Confusion about computation in paper 'Simple Recurrent Units for Highly Parallelizable Recurrence' ?

liziru commented 3 years ago

Thanks for your job. @taoleicn @taolei87

In the paper 'Simple Recurrent Units for Highly Parallelizable Recurrence', I found the following computation:

To facilitate parallelization, our light recurrence component uses a point-wise multiplication vt*ct-1 instead. With this simplification, each dimension of the state vectors becomes independent and hence parallelizable.

I have no idea how to become parallelizable when using a point-wise multiplication dimension of the state vectors instead. Because of still using ct-1, I think this ‘sru’ cannot be parallelizable.

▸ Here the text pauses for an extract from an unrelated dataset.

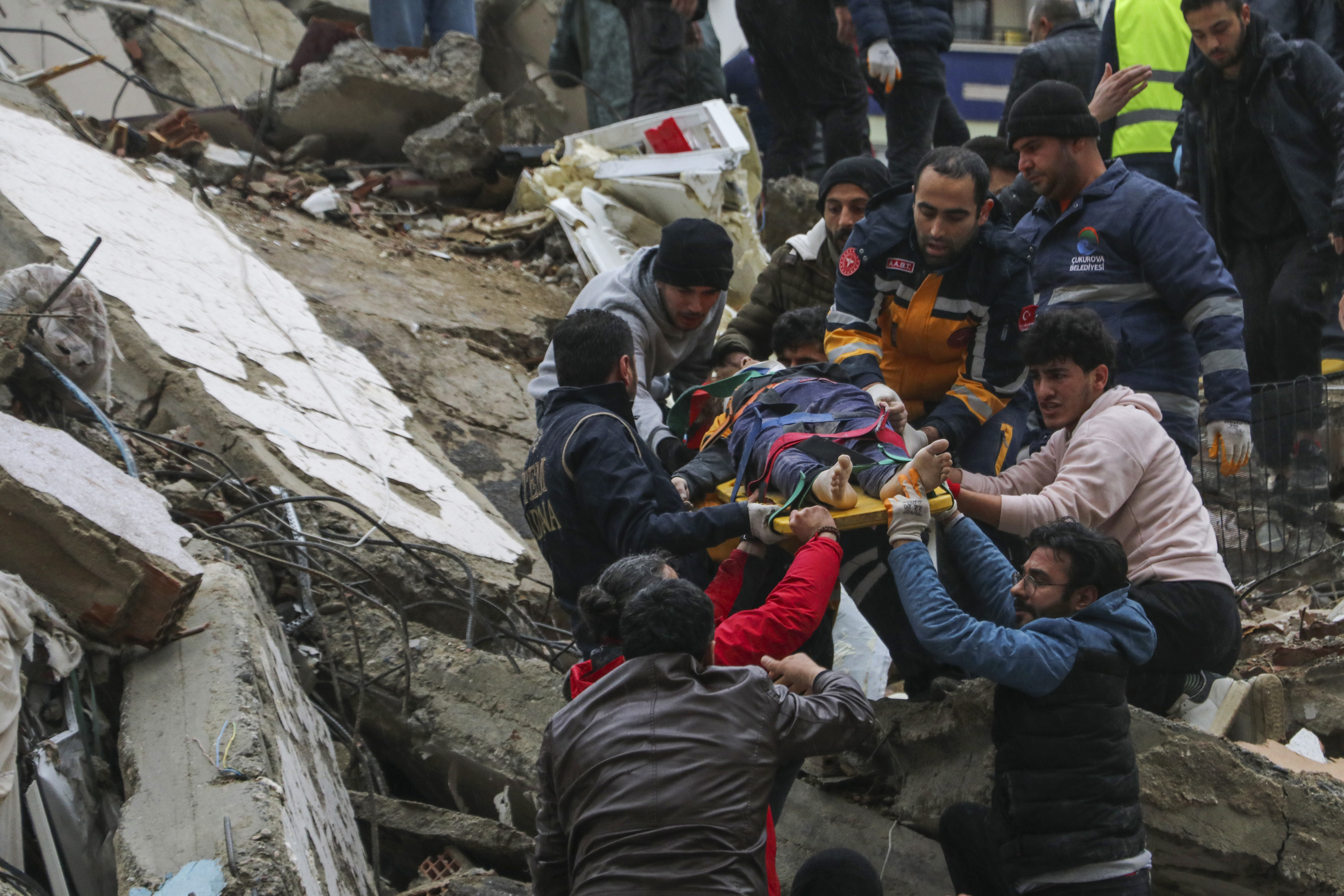 Gente y equipos de rescatistas trasladan a una persona en camilla desde un edificio derruido en Adana, Turquía, el lunes 6 de febrero de 2023. (IHA agency via AP)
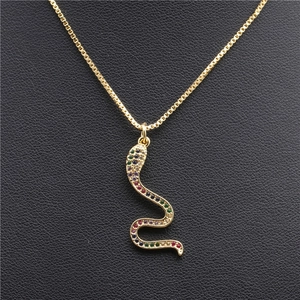Golden snake pendant necklace with multi-colored zircons on black leather background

Besides, I also found 'Training RNNs as Fast as CNNs’ computation that I think it can be parallelizable.

And, what are the differences between these two papers? I also mentioned this question in Zhihu.

Looking forward to your reply.

taolei87 commented 3 years ago

hi @liziru , thanks for posting the great questions.

(1) Difference of the two versions. In our first arxiv version, we didn't include the element-wise hidden-to-hidden connection (v * c_{t-1}) for simplicity. It is easier to derive the backward computation in this case. We added the hidden-to-hidden connection to obtain additional modeling capacity and better empirical results in our second version (EMNLP submission). See for example a comparison of two variants in Table 5 and Figure 5 in the EMNLP paper.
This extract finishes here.